Bildquelle: Wikipedia, „Rathaus Heiligenstadt“ von Michael Sander.

6 Kommentare:

  1. Am besten wäre es wohl, wenn man schon vorher ein festes Konzept hat, was man vor Ort machen kann und will. Ich denke, wenn das ganze gut vorbereitet ist, kann man sich innerhalb eines Jahres auch eine kleine Existenz als Kreativer aufbauen. Und zwar erst recht, wenn man zB auch vorhande Räumlichkeiten nutzen darf, etwa für Ausstellungen, Lesungen, Workshops undsoweiter.

    AntwortenLöschen
    Antworten
    1. Ja, das denke ich auch. Ich bin gespannt, ob sich ein geeigneter Kanditat findet, denn die Ausschreibungsfrist finde ich recht knapp.

      Löschen
  2. Nachdem eine Dame (ebenfalls Autorin) via Facebook die Kommentatorinnen mit Geiern vergleicht, die sich auf alles Gute stürzen, um es schlecht zu machen, zu zerreden und die Blogbetreiberin, also ich, obendrein noch bitterböse Gerüchte über die Eichsfelder in die Welt setzt, sehe ich mich veranlasst, mit meiner Antwort etwas Aufklärungsarbeit zu leisten:

    Liebe Inxxxx. Ich gehe mal wohlwollend davon aus, dass keiner von den beteiligten "Mitstreiterinnen" als Geier bezeichnet wird, sondern das nur allgemein und metaphorisch gemeint war.^^
    Ich finde, dass für eine solch schwerwiegende Entscheidung eine Bewerbungsfrist von gerade mal einem Monat viel zu knapp bemessen ist. Deshalb ist ein wenig Beachtung und Aufmerksamkeit durch provokatives Pushen nicht verkehrt. Denn es muss schon Einiges bedacht und geplant werden, zumal sich Heiligenstadt ja Bewerber von auswärts als Stadtschreiber wünscht. Sicher gibt es Leute, die sich gern dahinterklemmen würden, sodass möglicherweise alle Beteiligten davon profitieren. Die Interessenten sollten aber echt lesen können, auch zwischen den Zeilen. Das ist KEIN Jobangebot, das ist ein Ehrenamtsposten mit Tendenz zu 24/7.
    Ich arbeite selbst (und nicht zu knapp) ehrenamtlich im medizinischen und soziokulturellen Bereich, nichts läge mir also ferner, etwas Ähnliches negativieren oder zerreden zu wollen. Doch ich kenne genügend Bewerber, die zu allererst nach dem Verdienst für die ehrenamtliche Tätigkeit fragen. Wenn die dann hören: Bissel Aufwandsentschädigung, aber ganz viel investierte Freizeit (vorwiegend an den Wochenenden), dann lösen die sich ruckzuck in Luft auf. Iris' Aspekt mit den gut bezahlten Profis ist nicht von der Hand zu weisen und schon kann man die ganze Sache wieder aus einem ganz anderen Blickwinkel betrachten. Und das Ding mit "des deutschen liebstem Haustier" Herrjeh, das ist ein augenzwinkernder Insider, denn ich stamme ursprünglich aus der Gegend, naja aus der Nähe (Landkreis Gotha). Hat doch prima geklappt. ;)

    AntwortenLöschen
  3. Hmmm ... ich persönlich würde unter keinen Umständen von unserer heimatlichen Ecke wegziehen. Ich glaube nichtmal für einen dauerhaften Vollzeitjob. Das habe ich einmal im Leben gemacht und bitter bereut.

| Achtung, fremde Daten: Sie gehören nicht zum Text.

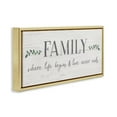 thumbnail image 3 of Stupell Industries Love Never Ends Family Phrase Inspirational Painting Gold Floater Framed Canvas Art Print Wall Art, 31 x 14, 3 of 9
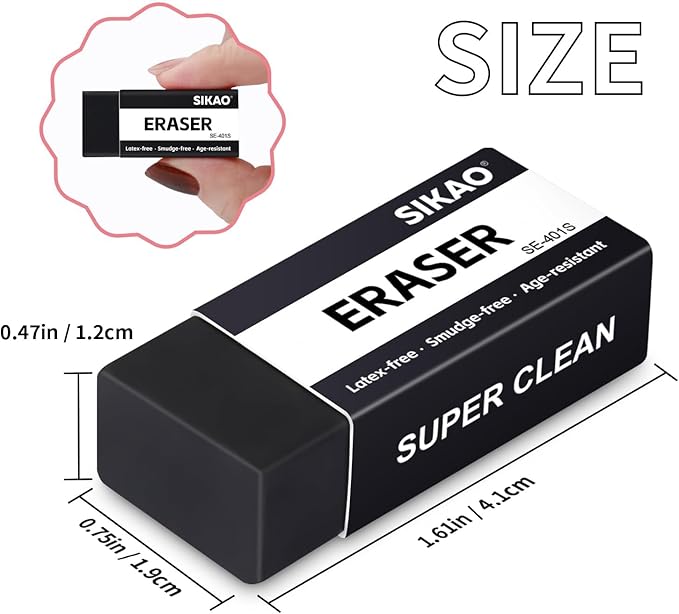 Black Erasers, 6 Pack Block Pencil Erasers – Smudge-Free Latex-Free Art Erasers for Kids & Adults Artists, Clean Erase for School, Homework, Office & Drawing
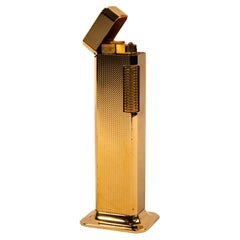 Vintage Gold Plated DUNHILL Tallboy Lighter Barley 1980s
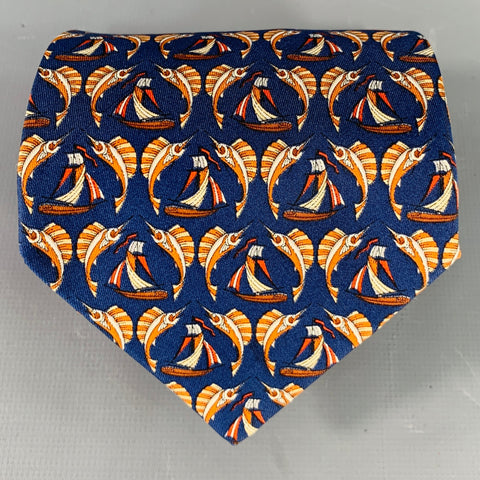 SALVATORE FERRAGAMO Navy Orange Swordfish Nautical Silk Tie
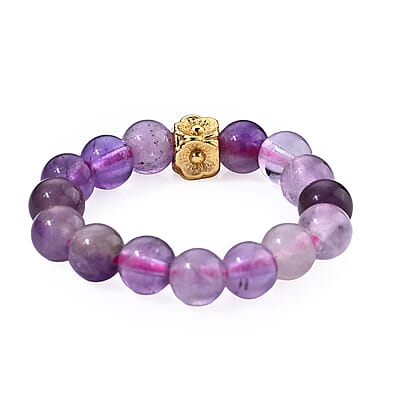 African Amethyst 10.00 ctw Beaded Ring in Goldtone (Adjustable)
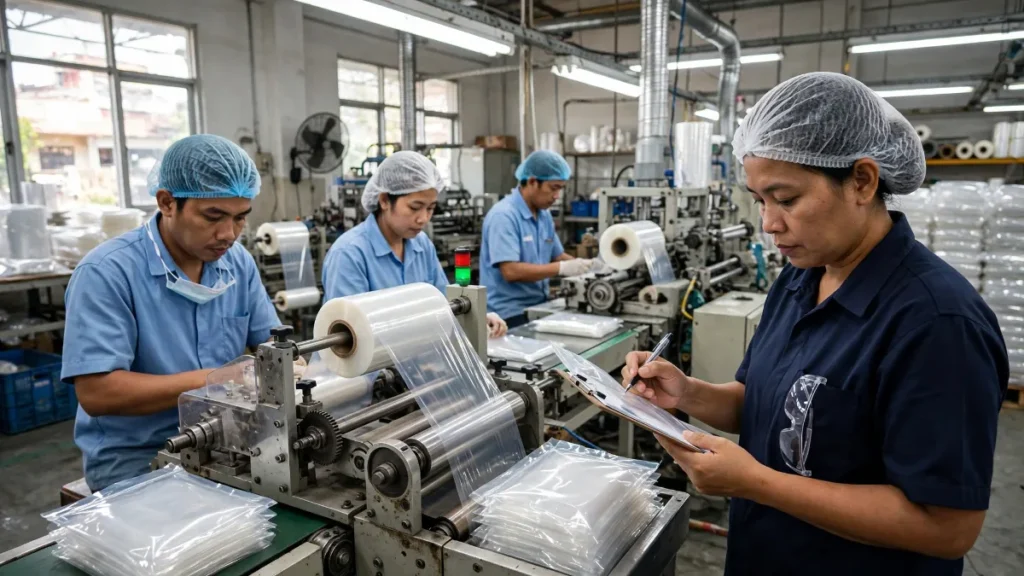 Lini produksi pabrik kemasan, materi foto untuk website pabrik Tangerang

    Aber wenn nun jemand reiselustig ist, vielleicht eine Option ????? Vorausgesetzt, die Wohnung ist hinterher .. dann eben bezahlt .. auch weiterhin gesichert.

    LG
    Renate

    AntwortenLöschen
    Antworten
    1. Dafür muss niemand besonders reiselustig sein, man muss nur einmal hinfahren und einziehen - und nach einem Jahr wieder wegziehen oder aber dortbleiben. ;)

      Löschen
  4. Mich würde ja echt mal interessieren, was draus geworden ist.